Wednesday, April 29, 2009

The Circus Year in Review, 1978 Season..Indoor Shows..

Bandwagon, Vol. 23, No. 1 (Jan-Feb), 1979, pp. 10-20

The indoor field was again led by the two large Ringling-Barnum units. It was the Blue unit's term to have the new performance, the 108th edition. New acts included Jewell New's 15 male African lions, William H. "Buckles" Woodcock Jr.'s 22 elephant number, both of which had previously been at Circus World near Orlando, Fla., the Ringling owned theme park. These acts exchanged places on the Blue unit with Ursula Bottcher's polar bears and Axel Gautier's elephants, which became 1978 features at the park. Returning top notch acts on the Blue show were Charlie Baumann's tigers, King Charles Unicycle troupe and Michu, world's smallest man, Elvin Bale's Wheel of Death, and Tito Gaona's flying act. Tito was seeking a quadruple somersault. Baker Brown was general manager, Charlie Baumann, performance director, and bandleader was Ronnie Drumm. The main spec was titled "Neptune's Circus". The show opened with a Dec. 29-Jan. 1 stand at its winterquarters in Venice, Fla. The annual TV preview of the new RBBB edition had Dick Van Dyke as host and as usual was filmed at Bayfront Auditorium in St. Petersburg, Fla.
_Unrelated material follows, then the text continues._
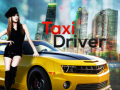 Laro Tsuper ng taxi online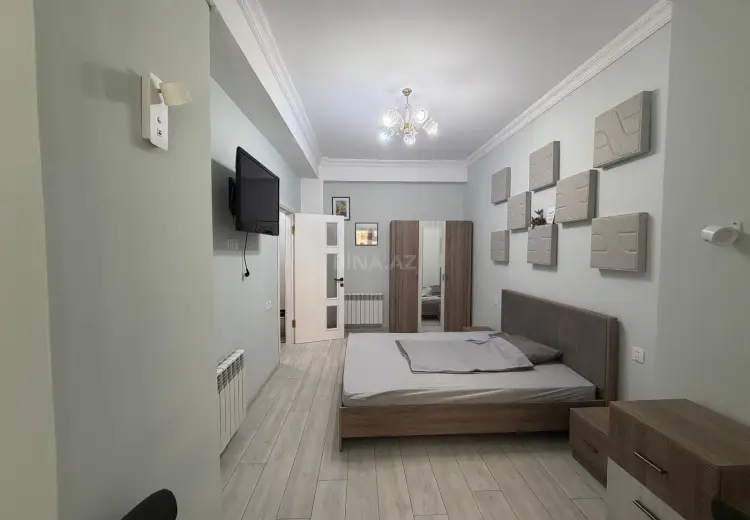 45 m² Obyekt / Ofis Satılır, Bayıl qəs., Səbail, Bakı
While the Blue was at the lengthy Madison Square Garden date, Mar. 22-June 4 the Society for Prevention of Cruelty to Children charged that seven kids under 16 were doing dangerous acts and took the show to court in an attempt to prevent them from performing in the show. The Philadelphia date, June 6-18, was followed by a two and a half day rail move to Oklahoma City and hence on to the west coast. A rail car on a siding at Redonda, Calif, burned causing damage of $50,000. Concessions consisting of coloring books, crayons, and other items were destroyed. The show had the largest advance sale in history for the 15 day run at the Forum in Inglewood, Calif, and the San Diego date produced the best business ever for the show in that city. Many observers who saw the Blue on the west coast termed it was the heaviest and had the strongest program a Ringling circus had carried since it left tents in 1956. CHS Mike Sporrer caught the Blue unit in the Pacific northwest and inventoried the rail cars as follows - 8 flats, 2 tunnel, 1 by-level, 4 stocks, 1 concession supply, 22 coaches, 1 private car - total 39. While playing at the International Amphitheater in Chicago an elephant on the track stumbled and fell into the first row of seats causing quite a commotion and an undetermined number of injuries. The season ended at Nassau, N.Y. on December 3, then the show returned to Venice quarters. CHS member Bob McDougall was named manager during the season.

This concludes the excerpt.